Close Encounters

RKD STUDIES

8.3 Copying the Cartouche and Atlantic Slavery


Among the decorative schemes John Seller lifted and recontextualised was Nicolaes Berchem’s cartouche, seen in Seller’s chart of Jamaica [12] in Atlas Maritimus (1675). The island of Jamaica, seen in the bottom left of the chart, was seized from the Spanish in 1655 as the consolation prize of Oliver Cromwell’s failed ‘Western Design’.1 The Dutch examples in Curacao and Brazil had shown that well-located territories in the Spanish Americas offered trade and plunder opportunities – a recognition evident in John Seller’s compositional choice, as Jamaica is seen near Cuba and Hispaniola. During the Interregnum, Charles made a conditional promise to return the island if Spain aided in the recovery of the throne.

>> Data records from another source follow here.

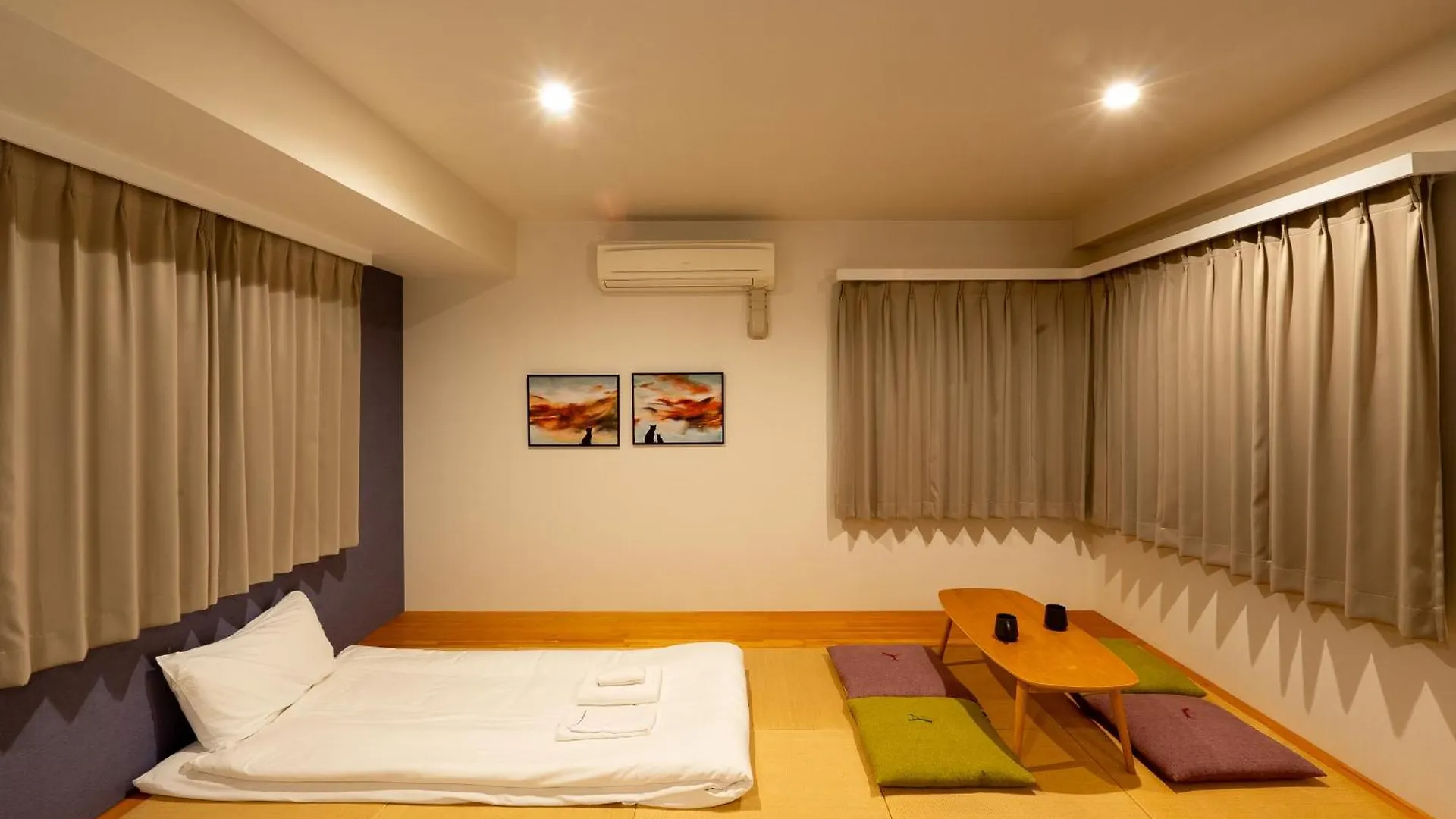 ***  Hotel Tokyo Trip Ueno Nishi Nippori Japonsko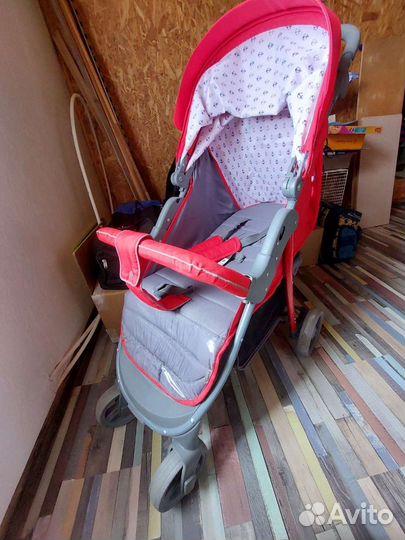 Прогулочная коляска corol s8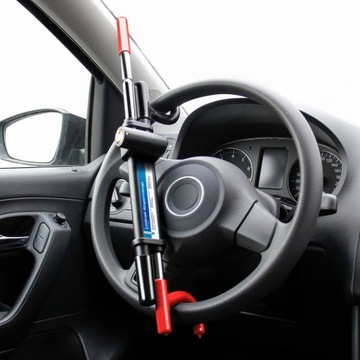 Блокировка рулевого колеса Защита рулевого колеса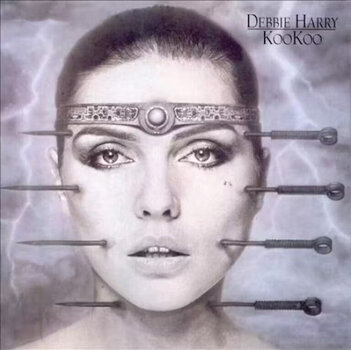 Vinylplade Debbie Harry - KooKoo (Reissue) (Clear Coloured) (2 LP) - 1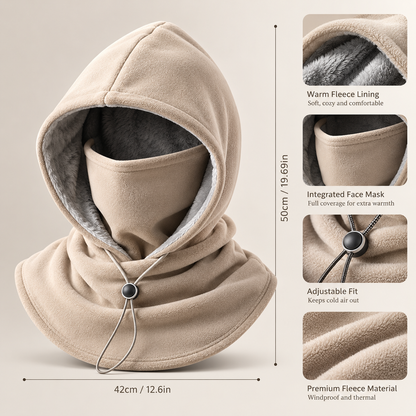 Kleafi™ 3-in-1 Thermal Hood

However, the Stuarts did not need Spanish assistance, and after the Restoration, Charles chose to exploit the commercial prospects of Jamaica [13], as the island was expected to yield high profits, both as a plantation, a slave-trading entrepôt and as a location for trade and plunder of Spanish colonies and fleets.2 Indeed, before the end of the 18th century, the Royal African Company enslaved and shipped more than 100,000 Africans to Jamaica, over a third of which were sold to Spanish colonies.3 The Spanish Americas offered the English lucrative opportunities, and although The Treaty of Madrid (1670) aimed to settle disputes in the West Indies, the Spanish remained an enemy.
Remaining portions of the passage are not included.